:: MATERIAL PROVIDED
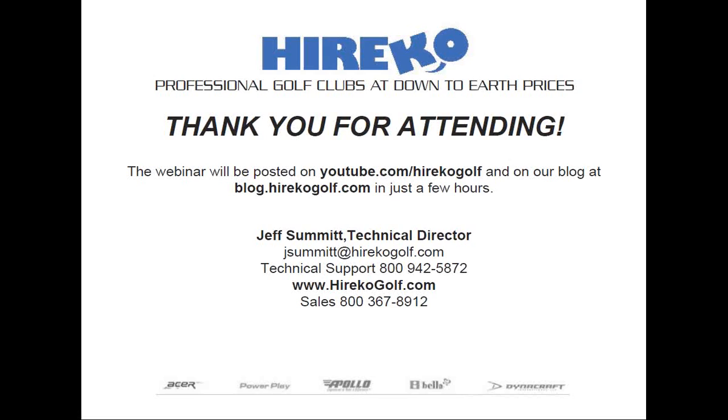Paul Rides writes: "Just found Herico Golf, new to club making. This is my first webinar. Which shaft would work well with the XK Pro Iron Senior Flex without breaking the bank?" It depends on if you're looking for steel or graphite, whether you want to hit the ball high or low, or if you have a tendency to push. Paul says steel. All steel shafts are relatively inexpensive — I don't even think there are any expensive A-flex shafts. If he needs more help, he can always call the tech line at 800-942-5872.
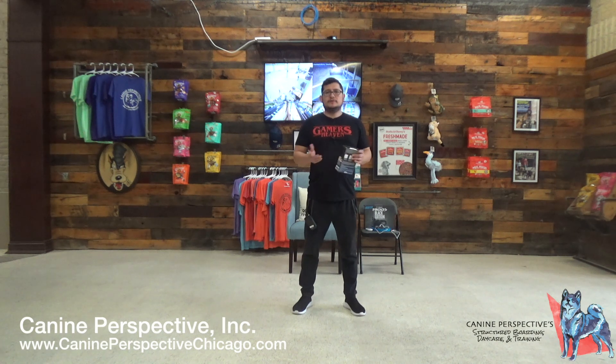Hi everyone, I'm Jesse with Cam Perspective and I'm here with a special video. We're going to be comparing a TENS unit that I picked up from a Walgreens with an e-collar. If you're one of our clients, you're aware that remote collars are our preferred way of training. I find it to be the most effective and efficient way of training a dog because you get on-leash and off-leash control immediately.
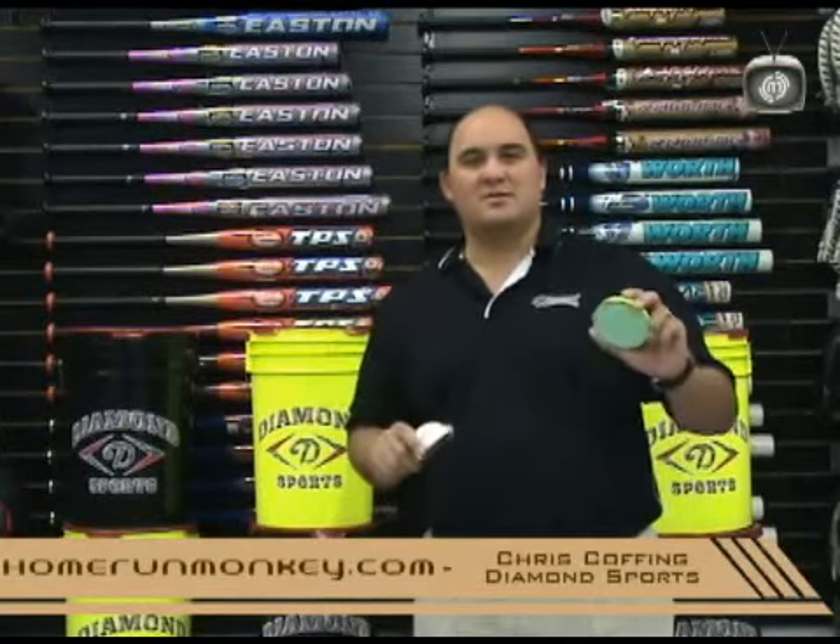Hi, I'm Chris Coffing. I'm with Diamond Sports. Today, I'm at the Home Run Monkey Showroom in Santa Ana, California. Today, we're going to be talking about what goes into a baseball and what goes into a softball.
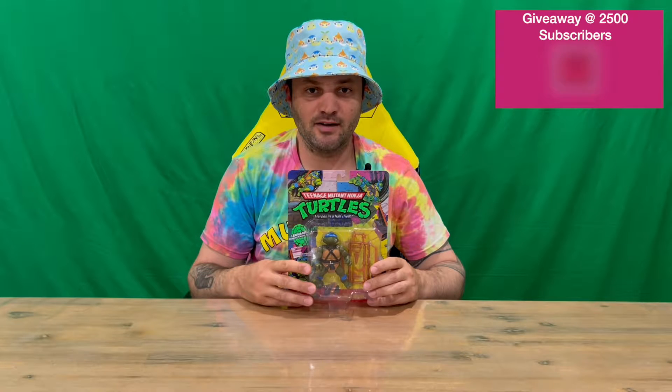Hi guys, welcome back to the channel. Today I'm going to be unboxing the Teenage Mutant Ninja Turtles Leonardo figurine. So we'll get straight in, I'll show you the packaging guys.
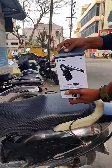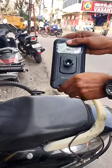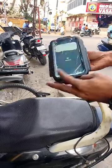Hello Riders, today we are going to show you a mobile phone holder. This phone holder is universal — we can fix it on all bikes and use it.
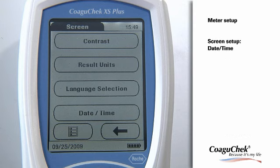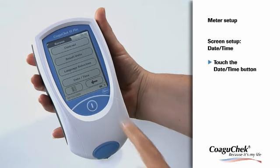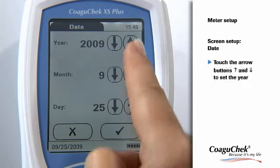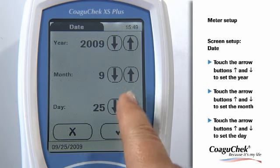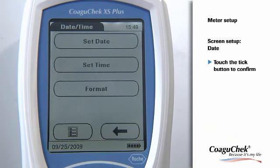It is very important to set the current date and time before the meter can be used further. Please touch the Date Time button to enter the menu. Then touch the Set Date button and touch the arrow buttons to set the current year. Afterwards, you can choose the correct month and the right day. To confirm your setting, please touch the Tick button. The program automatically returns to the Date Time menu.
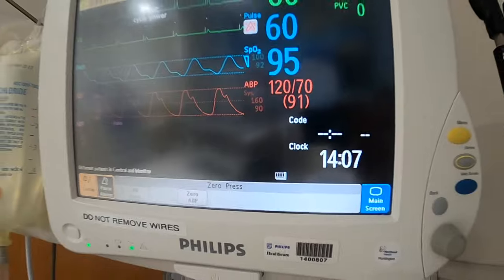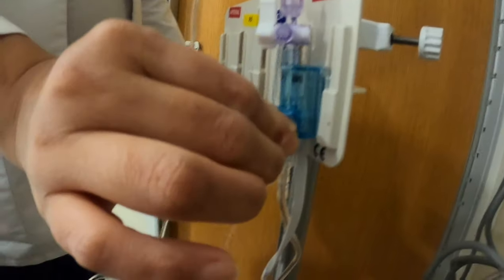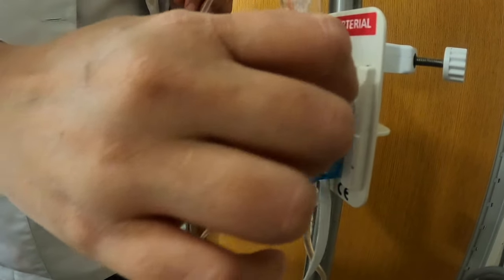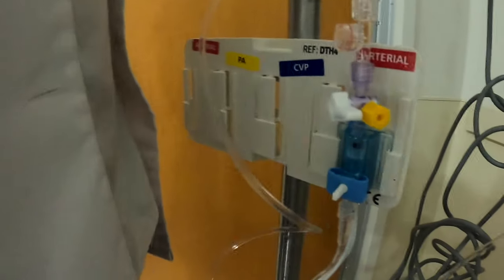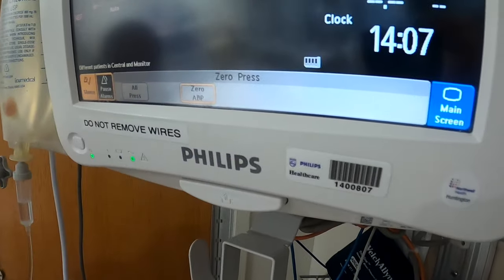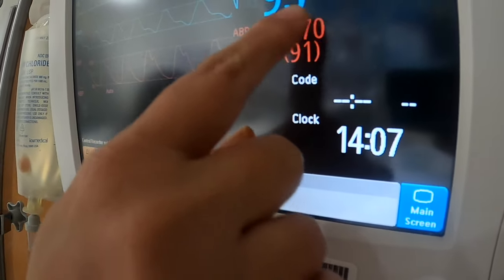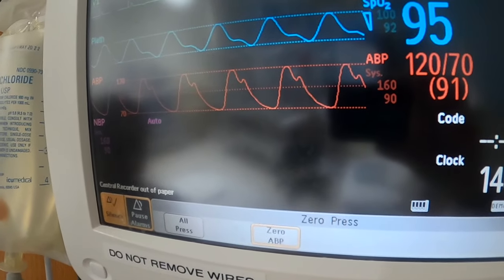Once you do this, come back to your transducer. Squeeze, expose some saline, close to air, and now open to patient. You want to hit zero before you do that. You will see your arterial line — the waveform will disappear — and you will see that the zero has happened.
::::
■ TASK REQUIREMENTS: Using the data above, give again exactly the lines starting at the one holding "Hi guys, welcome" and ending at the one holding "Hello Riders, today", inclusive, and nothing more. Omit the pictures.

■ SOLUTION BELOW:
Hi guys, welcome back to the channel. Today I'm going to be unboxing the Teenage Mutant Ninja Turtles Leonardo figurine. So we'll get straight in, I'll show you the packaging guys.
Hello Riders, today we are going to show you a mobile phone holder. This phone holder is universal — we can fix it on all bikes and use it.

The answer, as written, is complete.